The Lancasters is a residential development in London, England, with 77 apartments, the majority of which face south with views onto or across Hyde Park.

History 

The building was originally a terrace of 15 stucco-fronted Grade-II listed houses dating from the mid-nineteenth century.  It was purchased by a joint venture between the investment and development company Minerva and the developer Northacre Plc.

The building underwent significant redevelopment.  It was completely demolished behind the French Renaissance style façade, which was retained in one of the longest façade development projects in Europe.

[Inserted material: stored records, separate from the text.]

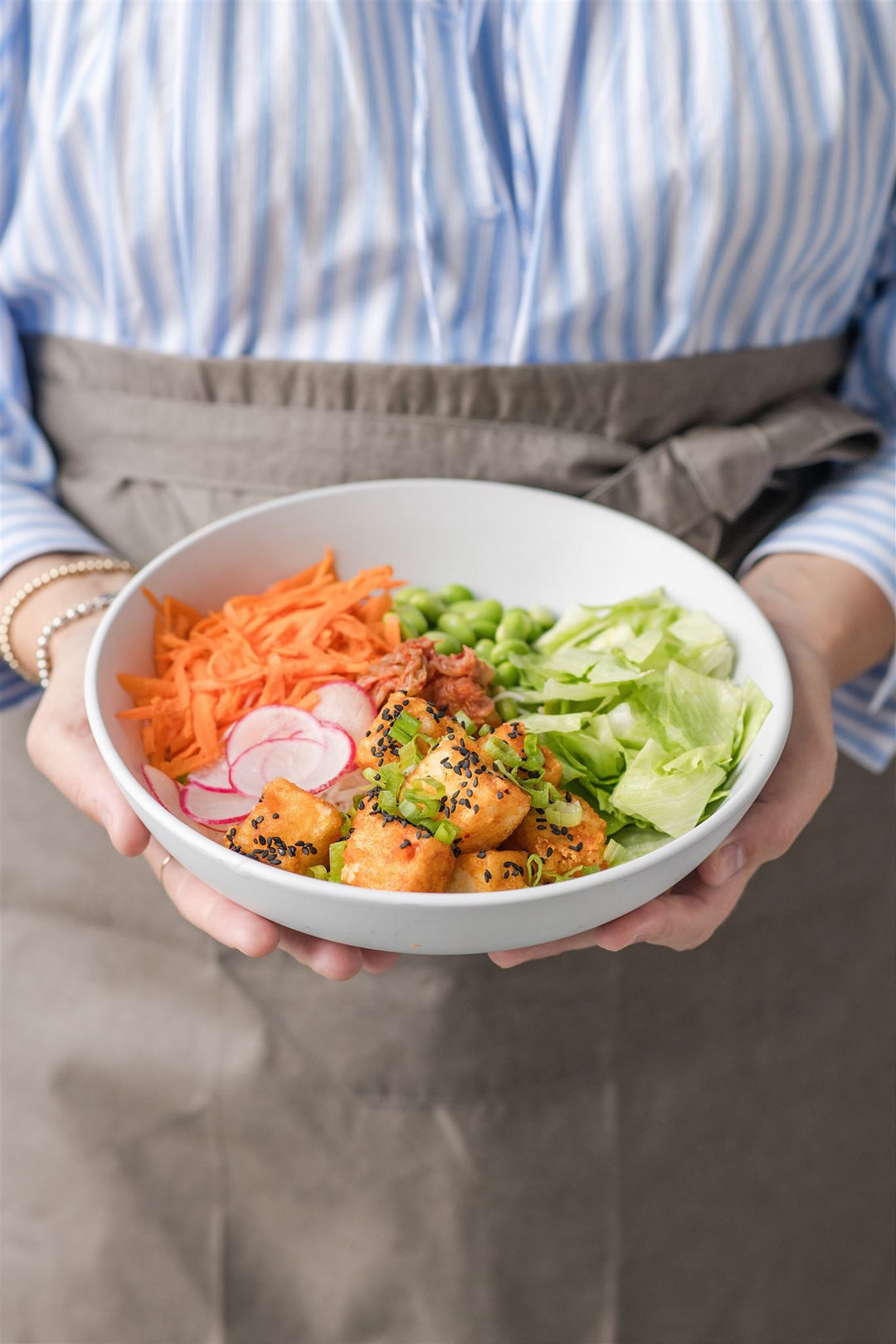 Kimchi Tofu Noodle Bowl (Single Serving)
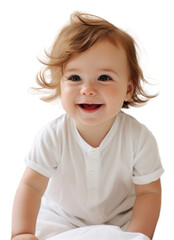 Naklejka premium PNG Baby cheerful portrait bedroom.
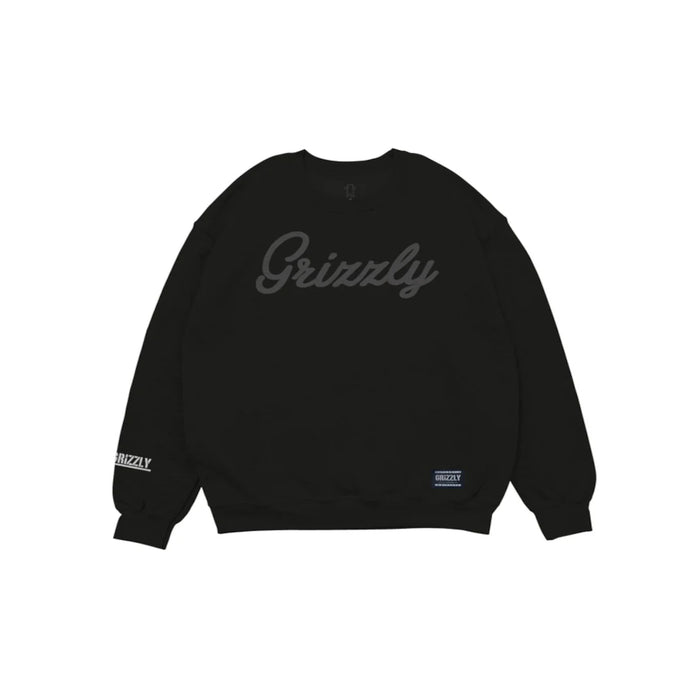 Moletom Grizzly Script Logo Crew Neck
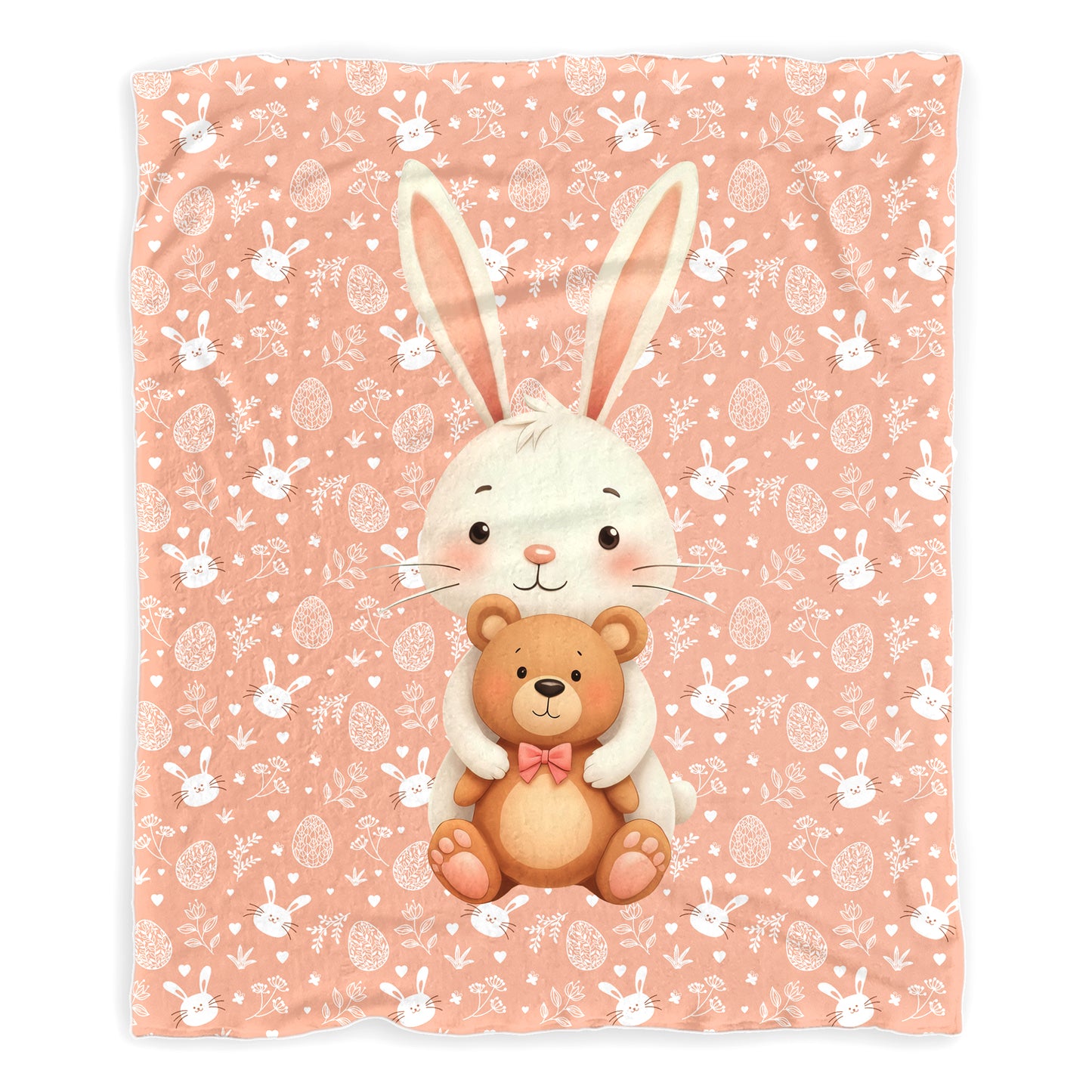 Bunny Hugs Minky Blanket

It took almost 11 months and 500 tons of steel to support the entire 407 ft. long façade, which is the equivalent length of 15 AEC Routemaster buses end-to-end.

The Lancasters is considered to be the first super prime development in W2 and commands premium prices throughout the building.
The scheme which incorporates private residential accommodation was a joint venture between the investment and development company Minerva and developer Northacre Plc. It is now entirely owned by Northacre Plc.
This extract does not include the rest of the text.